WOMEN IN CONSTRUCTION: MORE NEEDED

For most of my academic career, recruiting more female entrants to courses in traditionally ‘male-dominated’ subject areas has been an accepted goal for course managers.  In my subject of construction management,  most courses now recruit more women than they once did (which is not difficult!)  but we are a long way short of a balanced intake.  The case for female recruitment  is rarely analysed, but there is an assumption that it is part of a general commitment to equal opportunities.  I would not for a moment disparage that justification: I believe passionately that human beings should enjoy equal opportunities, irrespective of gender, race or any other human characteristic – and it is impossible to deny that such equality has often been lacking.  But today I want to examine a different argument for having more women in the construction workforce.

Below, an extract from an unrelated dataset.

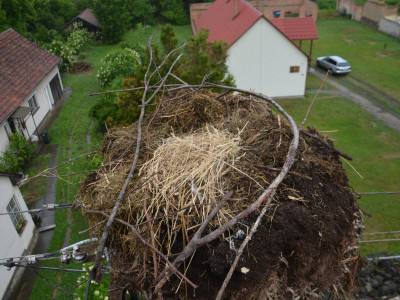 ASCII��� �����������������������������������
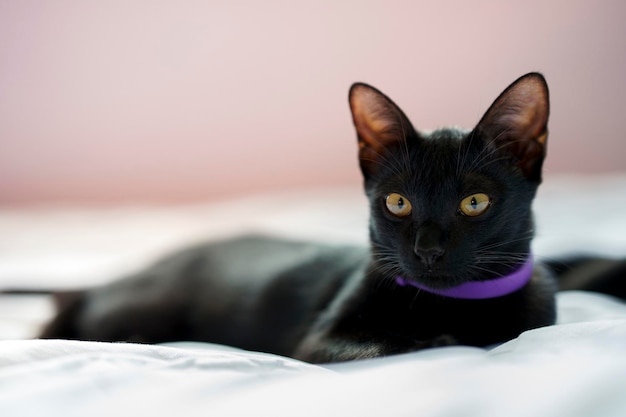 Zwarte kat liggend op wit bed en camera kijken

This springs out of a recent report in the UK  (by Lord Davies of Abersoch) which argues that, in the interests of good governance, there should be more women on the boards of major companies.  The Davies recommendation was anticipated by Martin Vander Weyer in an article in a recent issue of The Spectator (26.02.11), expressing, more strongly than I have seen it expressed before, the real dangers of an excessively masculine approach to decision making.  He attributes much of the banking crisis to excessive machismo on the part of bank directors, and concludes that ‘major companies, and the  pension funds that invest in them, would be a lot safer in the hands of gender-balanced boards’.

Some feminists would, I know, argue against the attribution of particular qualities to men and women, and I fully accept that there is huge (and overlapping) diversity of personality characteristics within each of the genders.   I’m convinced, however, that organisations perform better with a gender-balanced workforce and (to return to the part of the organisational world I know best) that management in construction sometimes suffers from the excessive machismo to which Vander Meyer refers.  Nor do I believe that the need for balance exists only at the level of corporate governance: indeed it’s at the operational level that macho-management can be most prevalent and dangerous – whether it is practised by men or by women.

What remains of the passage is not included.